Directions for this task :: The answer should match the entries below word for word, minus their pictures.

Input records ::

++++++++++++++++++++

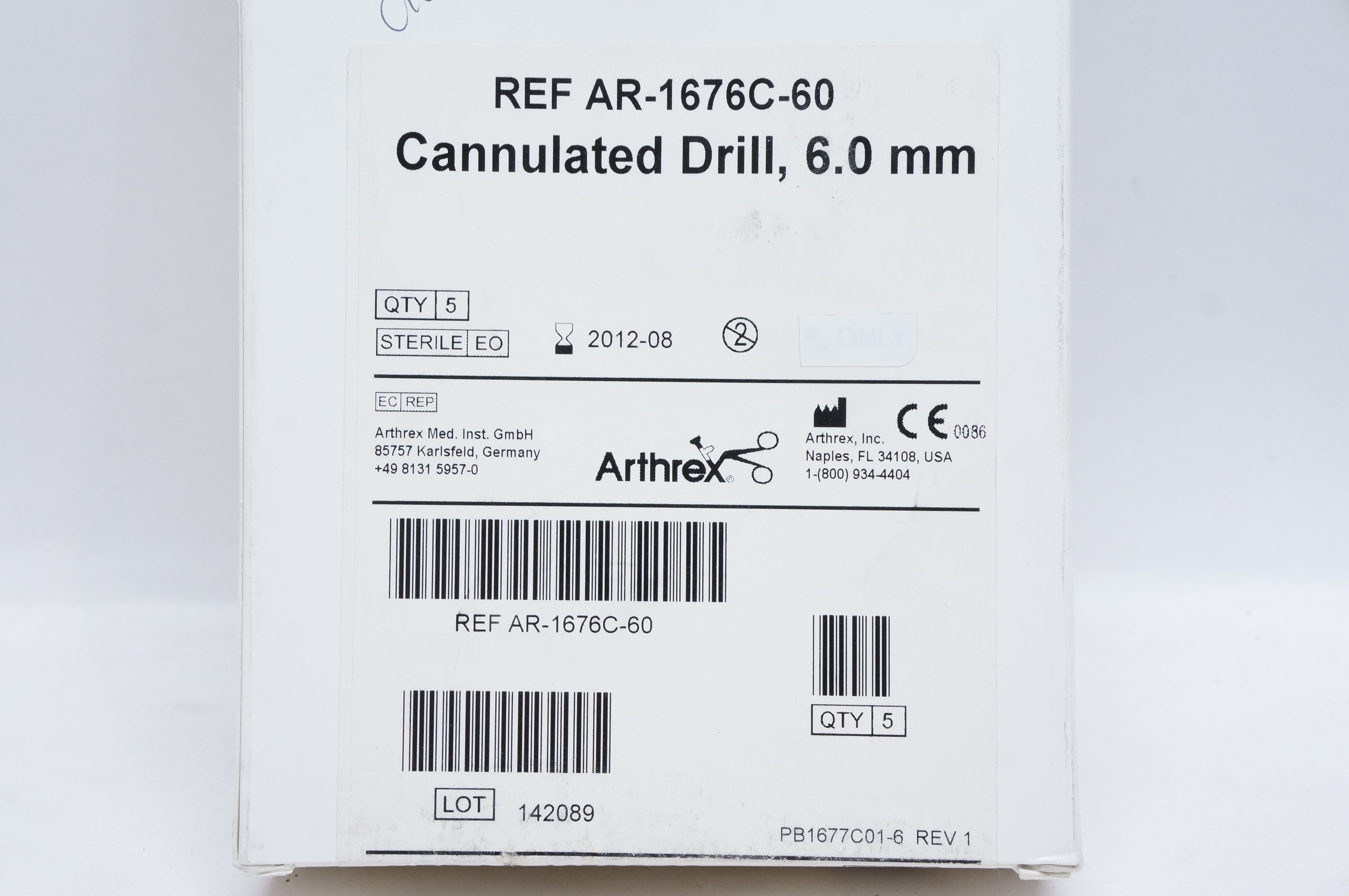 Arthrex AR-1676C-60 Cannulated Drill, 6.0mm (x)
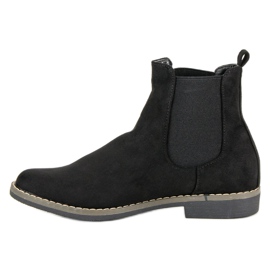 Super Mode Bottines Chelsea en daim noires le noir 3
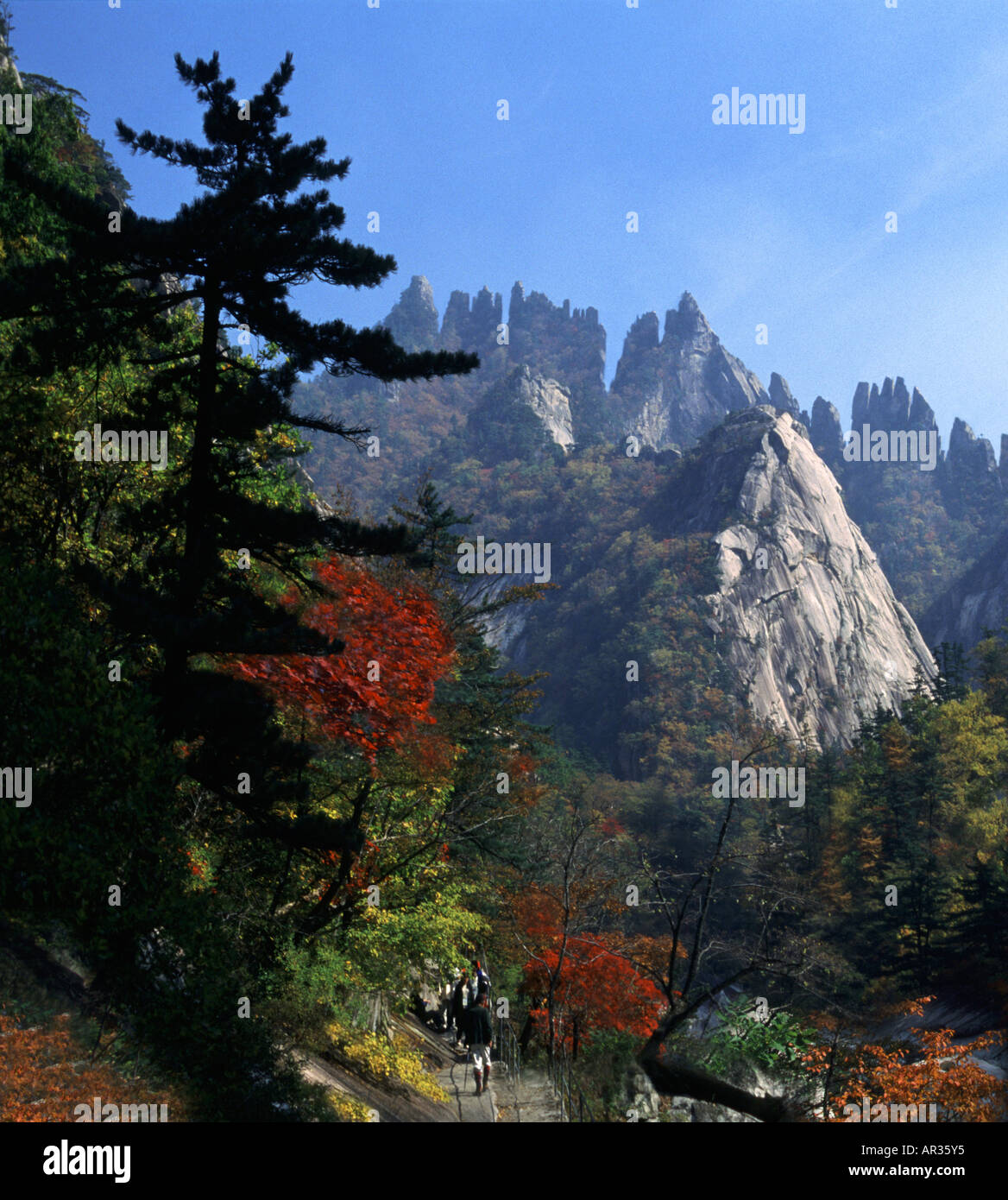 Gli escursionisti in montagna Kumgang in autunno, Kumgang-san, la Corea del Nord Asia Foto Stock
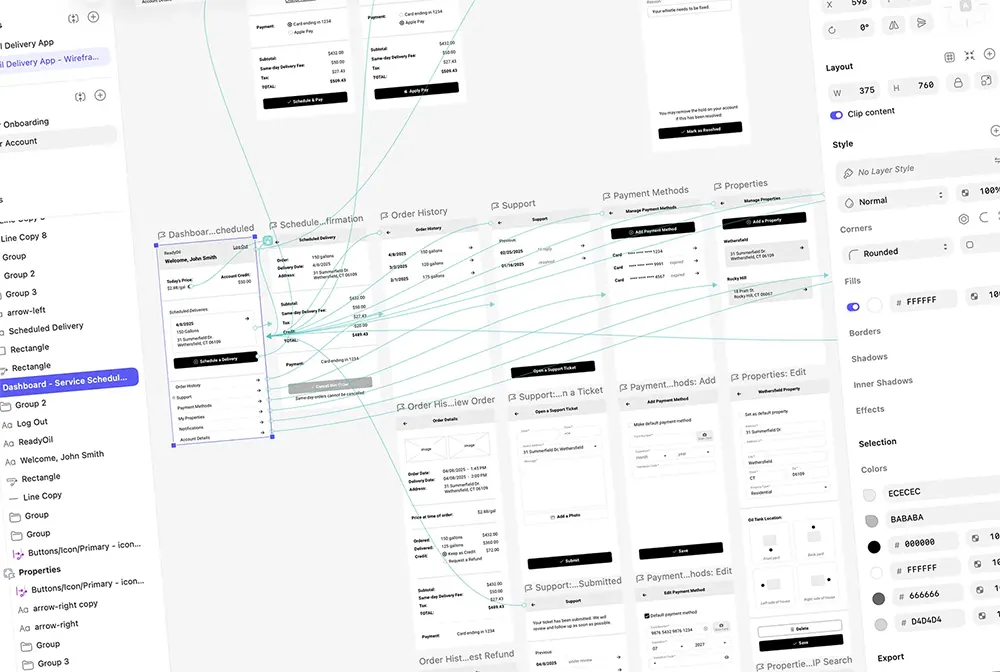 Screenshot of mobile app planning software.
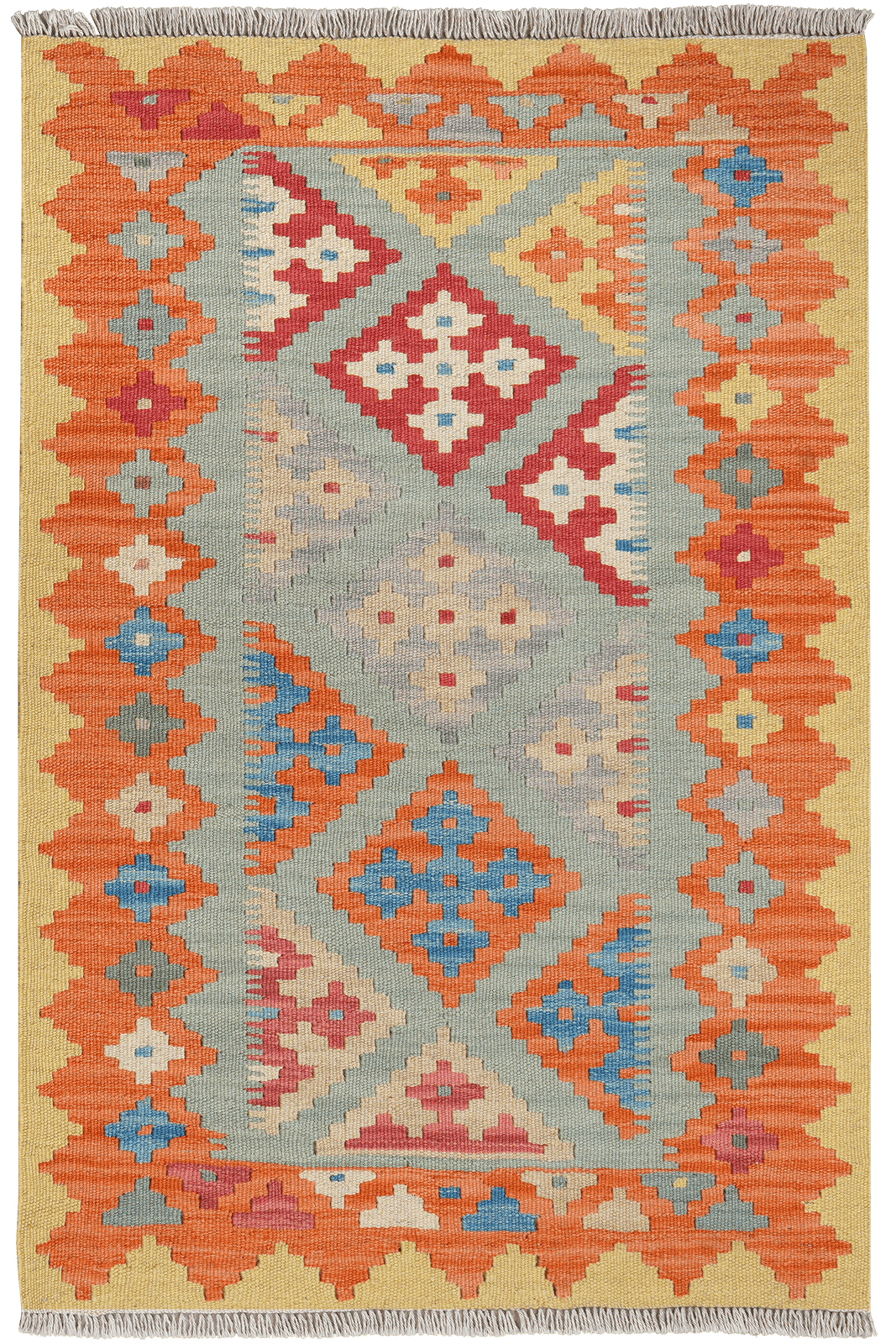 Kelim Gashgai — Handmade, 85x129 cm, Blue, 100% Virgin Wool | Main view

++++++++++++++++++++

Solution to the exercise ::
 Arthrex AR-1676C-60 Cannulated Drill, 6.0mm (x)
 Super Mode Bottines Chelsea en daim noires le noir 3
 Gli escursionisti in montagna Kumgang in autunno, Kumgang-san, la Corea del Nord Asia Foto Stock
 Screenshot of mobile app planning software.
 Kelim Gashgai — Handmade, 85x129 cm, Blue, 100% Virgin Wool | Main view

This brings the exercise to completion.